Toyota has given the Aygo X an aggressive new look and a hybrid powertrain that is claimed to emit the least CO2 of any non-plug-in car in Europe.
The brand’s smallest and most affordable car has adopted the same 1.5-litre four-cylinder petrol-electric hybrid powertrain that is used in the larger Yaris, sending up to 114bhp through the front wheels.
This is enough to send the Aygo X from 0-62mph in less than 10sec – a significant improvement on the previous 14.9sec. And, product manager Cesar Romero told Autocar, it will yield fuel efficiency in excess of 74mpg, pending official WLTP testing.
The existing 71bhp 1.0-litre three-pot, which traces its lineage back to the original Aygo of two decades ago, is being removed from the line-up, and the option of a manual gearbox goes with it; the Aygo X is now fitted with the Yaris’s CVT-like epicyclic automatic as standard.
In addition to the much-improved performance of the hybrid, two key motivators for the older lump’s removal from the line-up are the UK’s zero-emission vehicle mandate and fleet CO2 emissions targets.
The ZEV mandate contains a provision that allows car manufacturers to convert reductions in their total CO2 outputs into de facto ‘sales’ of electric cars, giving them extra flexibility to meet EV sales targets.
Every 167g/km of CO2 cut from a firm’s total output in any given year can be converted into one ZEV ‘sale’, meaning they have to sell one less electric car to meet compliance targets – or they can sell an extra petrol, diesel or hybrid car within their limit.
This is particularly relevant for the Aygo. It is one of Toyota’s best-selling models in the UK, and the new hybrid system emits significantly less CO2 than the previous petrol engine.

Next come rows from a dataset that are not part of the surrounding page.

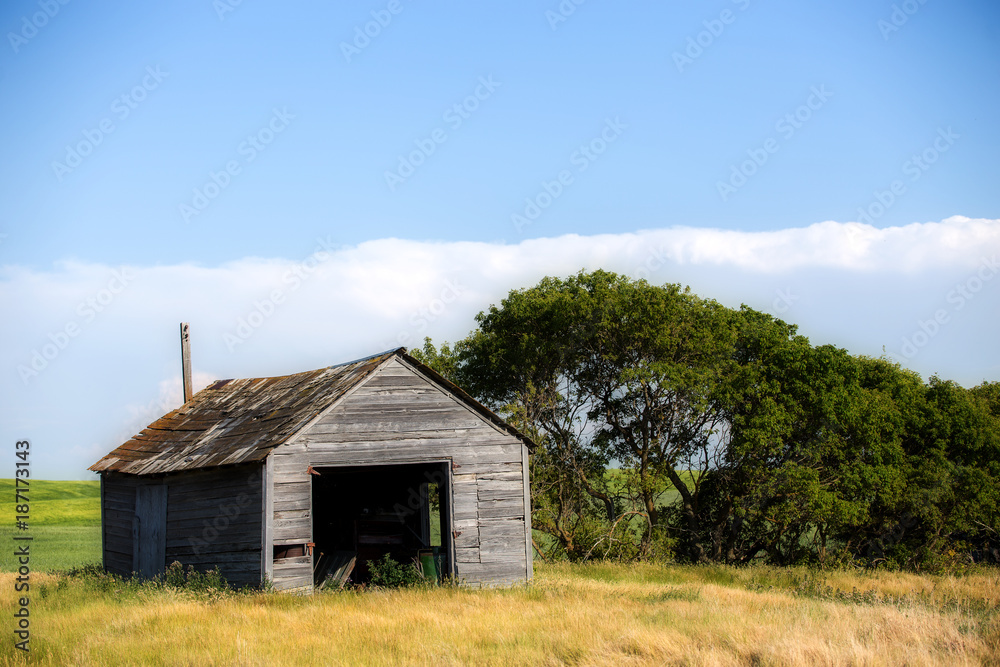 A small square weathered wooden storage shed beside with a field of green crop in the background in a rural summer landscape A small square weathered wooden storage shed beside with a field of green crop in the background in a rural summer landscape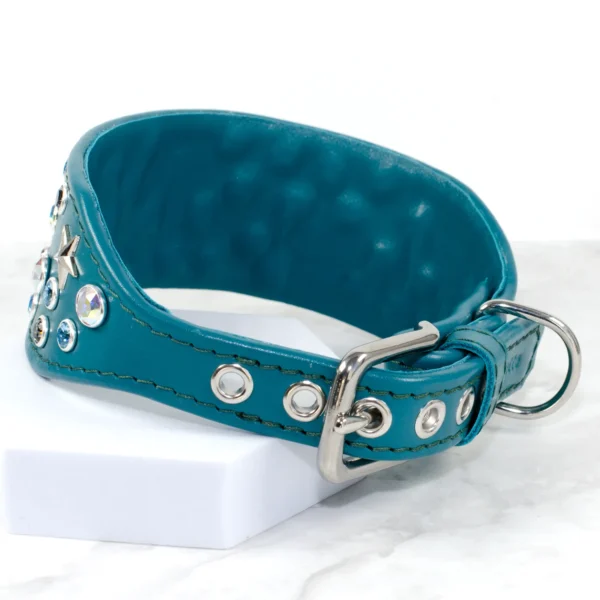 Studded Whippet collar with stars - Petiquette Collars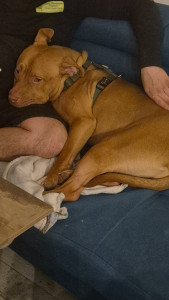 Photo de galerie - Garde d'animaux 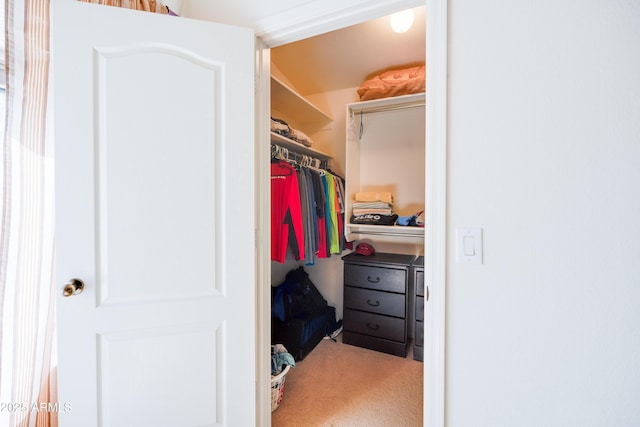 walk in closet with carpet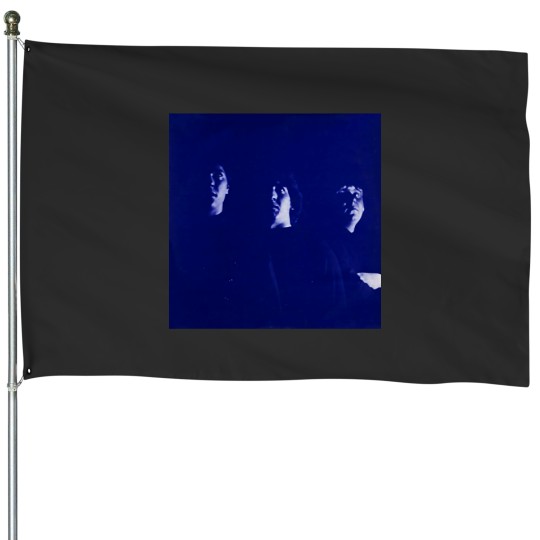 Discover Agent Orange Living in Darkness Cover Artwork House Flags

It’s rated at 86g/km, a reduction of 23g. For reference, the rival MG 3 Hybrid+ emits 100g/km.
Autocar understands that Toyota sold some 14,000 examples of the city car in the UK last year. Had those all been the new hybrid, Toyota would have been able to sell in excess of 2000 additional ICE cars while remaining within its limit.
Separately from the ZEV mandate, such a significant reduction would have given Toyota crucial leeway in its fleet emissions targets: it would have offset the total output of nearly 1600 GR Yarises (rated at 215g/km) or 1400 Land Cruisers (240g/km).
The uprated powertrain will, however, bring an increase in cost. Toyota has yet to confirm numbers, but Romero said: "What we're targeting is, especially on a monthly payment, the total cost of ownership. Fuel consumption of the vehicle will be much lower than for the current car, thanks to the hybrid powertrain. We expect the step [in overall costs] not to be so big."
For reference, the current pure-petrol Aygo X starts at £16,485, while the Yaris opens at £23,445.
Inside, the new Aygo X features a series of subtle changes. The outgoing car’s analogue speedometer and rev counter are swapped for a small digital instrument screen, and there is now a pair of USB-C ports below the climate control panel.
An infrared sensor is now mounted on the steering rack (for the EU-mandated driver attention monitoring system) and there are updated buttons on the steering wheel for the speed limit-warning and lane-keeping systems.
Toyota has also added more sound deadening around the dashboard and under the bonnet, and the exhaust has been reworked to improve refinement.
Higher trim levels will get yet more soundproofing and thicker window glass. The first examples of the new Aygo X are due in the UK early next year.
New GR Sport trim brings warm-hatch appeal
The new GR Sport trim (pictured above) aims to imbue the sensible Aygo X with more dynamic appeal, bringing with it a stiffer chassis and quicker steering.
A full-fat GR model isn’t planned, however; Toyota says the new hybrid powertrain’s 114bhp – yielding a power-to-weight ratio similar to that of the old VW Up GTI and Fiat Panda 100HP – is sufficient to make it fun to drive.